I'm working on a small scraper for fun and when I grab some image urls from certain sites they come back really weird.
For example:
scraped url:
https:\/\/cdn1.vox-cdn.com\/thumbor\/zN9XawbQJgFPkuAcA2JEGgqApm8=\/cdn0.vox-cdn.com\/uploads\/chorus_asset\/file\/3700712\/tomorrowland54fdf04f23efb_2040.0.jpg
desired url:
https://cdn1.vox-cdn.com/thumbor/zN9XawbQJgFPkuAcA2JEGgqApm8=/cdn0.vox-cdn.com/uploads/chorus_asset/file/3700712/tomorrowland54fdf04f23efb_2040.0.jpg
it's adding unnecessary backslashes, so that url doesn't work when you follow it, it gives an error.
I tried using the stripslashes function as it seems like that's it's purpose but it didn't work. The url just stayed the same.
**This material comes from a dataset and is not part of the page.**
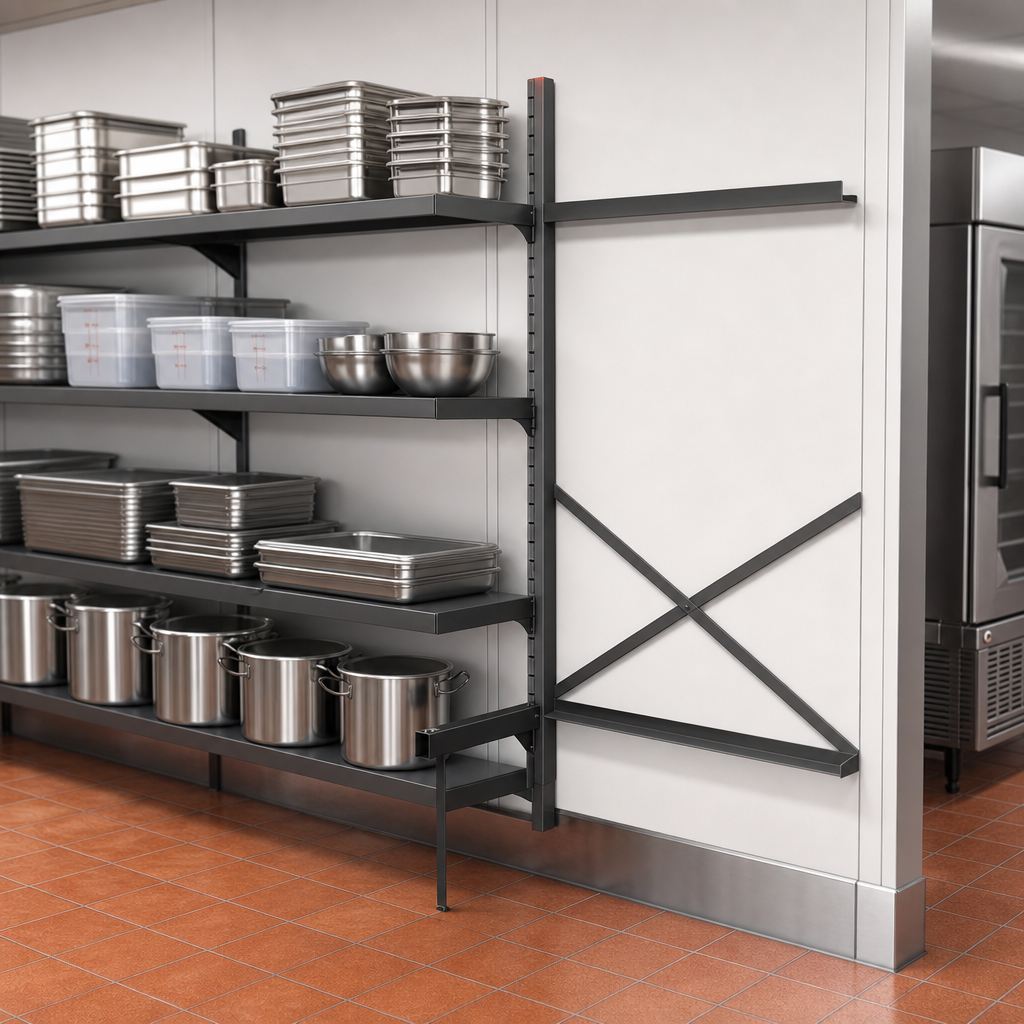 Add-On Unit Design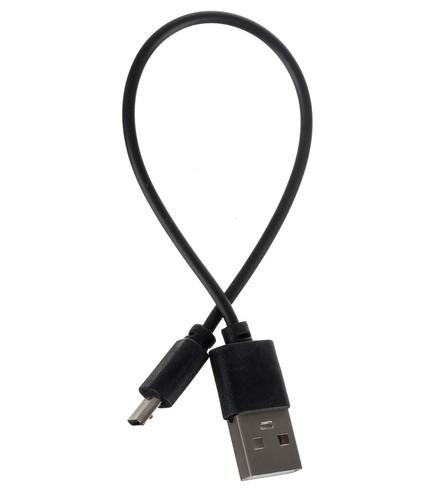 Kaminer Žiebtuvėlis USB elektrinis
(edit) here's the code i'm using to grab urls:
function GetImages($page_dom) {
$found_links = [];
$images = $page_dom->getElementsByTagName('img');
foreach ($images as $image) {
$img_src = $image->getAttribute('src');
$found_links[] = $img_src;
}
return $found_links;
}
When you call json_encode
, use the JSON_UNESCAPED_SLASHES
option to prevent it from escaping slashes.
But this shouldn't really be necessary. If you're outputing JSON, you should be sending it to a program that parses JSON, and the JSON parser will translate \/
to /
.